Essentially it’s this divine union between two people where the emotional bond is so intense that it kind of feels like you already know them. It's an instant connection that flows and it can be scary. There's always a runner and a chaser at some point; you're so psychically linked, and you mirror each other's darkness and lightness. It can get to be too much if you don’t address your needs and shortcomings, especially for the one person that's not as spiritually inclined. Then they'll end up running away from you in a period where you're chasing but they’re still running. It comes to a point, and then you're in separation.
So that's pretty much that concept, whether or not I am fully 100% convinced that that's a real thing—it’s beyond me at this point—I just trusted what I felt. For a long time, I’d always feel this connection with him, even long after we stopped talking. I could feel his energies and his emotions and his sadness, his depression, and I'm like, “What the hell is going on?” So I would feel things and somehow know when things are going wrong in his life, I’d checkup on him, and he would tell me exactly what I had already experienced in a dream or a thought that came to mind during the day. I just, I don't know, it just felt weird and I started to write about it with this screenplay called Strawberry Boys.

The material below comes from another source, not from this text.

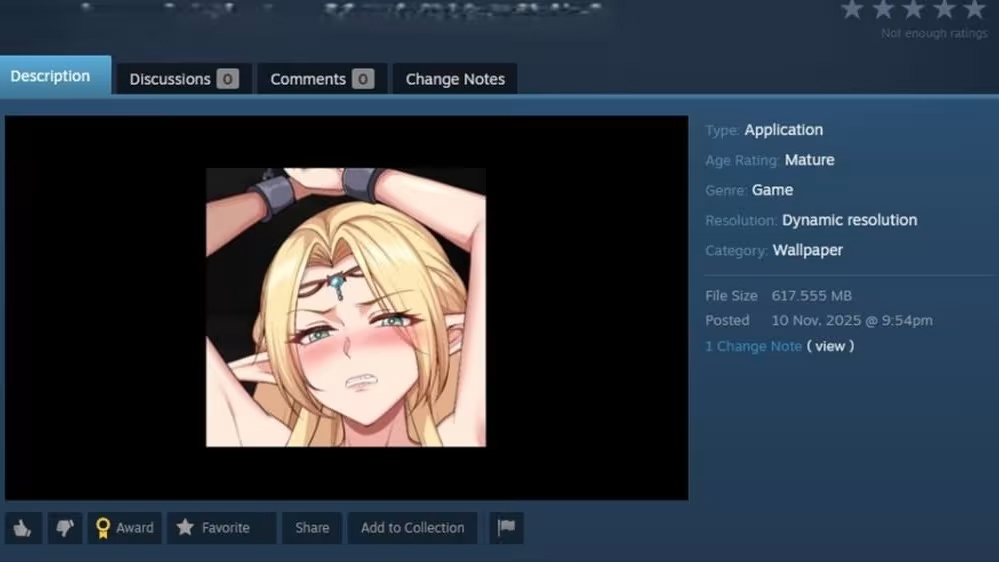 Steam 壁纸引擎被黑客利用,“带毒壁纸”可窃取玩家账号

I pretty much go over the first half of the relationship which is the union prior, and there's a separation where they're not together but they see and visit each other in these dreams that they have and they can’t explain whether or not the dreams are actually real. But they’re happening; they're having these emotional conversations they otherwise can't have in person, because one of them just can't handle it and the other person is too scared to approach them. And so, the whole film is just the journey of them meeting in this place and having to face their truth within themselves and their connection. It's honestly a story about true unconditional love and how it can shift and form you into someone you didn’t think you’d ever be or make choices you never knew you could make.
Would you say that you were a runner or chaser?

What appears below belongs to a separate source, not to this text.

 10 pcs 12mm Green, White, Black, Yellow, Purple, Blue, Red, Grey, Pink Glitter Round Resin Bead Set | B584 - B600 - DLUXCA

I was definitely a chaser. I wanted answers. I wanted to understand. I'm a classic Gemini; I need to understand the logic behind something; I need to understand. How can you say you love a person, but then run away from them? How can you say you care about someone, that they matter to you but abandon them every chance you can?
He called me one night when his anxiety was triggering his suicidal ideation, and I was there for him because I didn’t want him to be in that headspace alone. I dealt with that earlier in my college years and growing up. So I know what that feels like. If you clearly want me to be there, I’m definitely there—but I needed someone to be there for me too, for my PTSD episodes. It was unfair, and I think I reacted more than I thought. I could’ve changed how I acted, probably. But we all do things that we don’t realize, because we're at that point in time. I’m only human and that relationship definitely instilled that in me. I always held myself up to impossible standards and that journey with him helped me ease those expectations. I think what I have to thank most for that experience is that it helped me realize where I needed to grow, what emotional and mental wounds I needed to heal, and what I need to do to become a better person. Not that I was bad, but I was unfair with a lot of people in my life in the way I expected so much from them instead of accepting them for who they were. I used to think “If I am able to do and think this way so can they”, and that is such a dangerous mindset. My work really has helped me become a better person, and I’m thankful for that.